Like Boston and LA, or Crispa versus Toyota, or the Red Sox against the Yankees in baseball, or La Salle-Ateneo, or the Spanish neighbors Barcelona and Real Madrid — we all crave for rivalries.

Are we en route to seeing another mega-clash when Cleveland meets Golden State in The Finals starting June 2? Yes. While the Game 1 shocker of OKC was an aberration that will be corrected this week, all hopes and bets point to a repeat of last year’s final.

Here’s the interesting narrative: While Golden State shattered the record of Michael Jordan & Co. by winning 73 this regular season, it’s not them but Cleveland who’s been spotless in the playoffs.

Ten-oh. Will be it 11-0 this morning when the super-confident Cavs play in Canada? I wouldn’t bet my dog Bolt against it.  All season long, we doubted the Cavs. Kyrie Irving was absent for the first 23 games, recovering from a fractured kneecap. They fired David Blatt in January — and it’s never a good omen when you terminate a head coach midway through the intramurals.

It turns out — possibly like our political scene — that change is good. Since Tyronn Lue assumed the coaching honors, the team from Ohio has become, like the Olympic motto… faster, higher, stronger. They’re obliterating the East with a winning margin of 13.4 points per game. Their 10-zero record is the third-longest ever to begin the playoffs.

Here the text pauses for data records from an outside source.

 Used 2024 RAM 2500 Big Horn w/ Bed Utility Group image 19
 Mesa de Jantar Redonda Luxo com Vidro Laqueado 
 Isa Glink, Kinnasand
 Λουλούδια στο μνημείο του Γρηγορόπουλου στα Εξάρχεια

One major reason, scribes have written, was because in the beginning of his stint, Lue confronted LeBron James to “STFU.” If you don’t know what that means, experiment with an expletive-laden line that begins with “Shut the…” The coach meant to set the tone early with the 4-time MVP, as if to tell him, “Hey, ‘Bron, you may be the orchestra’s star violinist, but I’m the conductor.”

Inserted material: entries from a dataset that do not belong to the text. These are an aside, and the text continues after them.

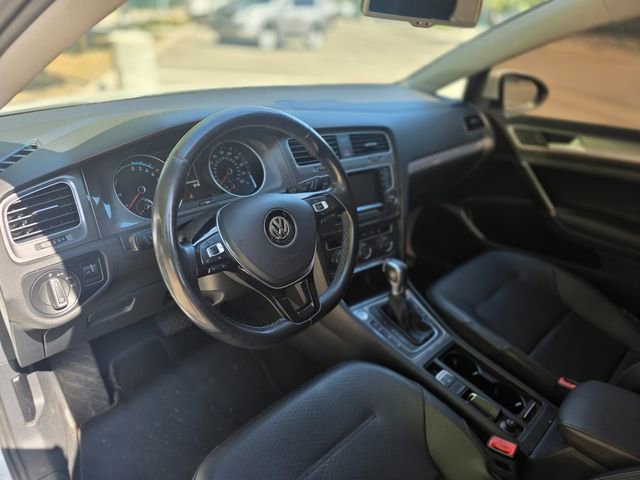Used 2015 Volkswagen e-Golf SEL Premium FWD image 31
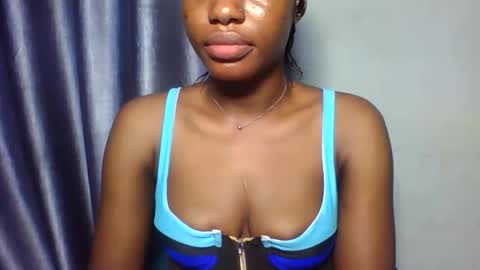 favcamgirl online show from February 22, 6:24 am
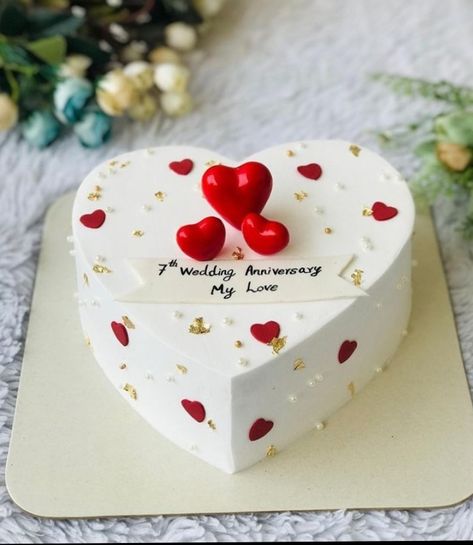 Anniversary Cake Indian, Aniversary Cakes Designs Simple, Happy Anniversary Cake Design, Kue Anniversary, Simple Anniversary Cakes, Birthday Cake For Women Elegant, Bday Decoration, Happy Anniversary Cake, Anniversary Cake Designs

With Kevin Love healthy and Kyrie’s injuries healed, the Cavaliers have transformed themselves not only as challengers but as true title-holder contenders (the latest odds by pollster Nate Silver still puts GSW on top with a 44 percent chance of winning the trophy against 30% for the Cavs).

Now 10-0, can the Cavs go all the way and win 16-0? There’s a funny story of how LeBron’s “prediction” is coming true. Six weeks ago, he was asked by ESPN if the Cavs are ready to do battle for 20 to 25 games in the playoffs.

LeBron turned to his seatmate.

“Tristan (Thompson), how many games do we need to win in the playoffs to win a championship?” James asked.

“Sixteen,” Thompson said.

“Exactly,” James told the reporter. “Sixteen.”

Ha-ha. Almost impossible to “Sweep 16” but it’s not improbable. (Just a far-fetched thought: If they win their next six, they’ll steal this record-breaking season from GSW. The best-ever playoff run belongs to the 2001 Lakers who went 15-1.)

The main question amidst all these queries is this: Can Stephen Curry stay healthy?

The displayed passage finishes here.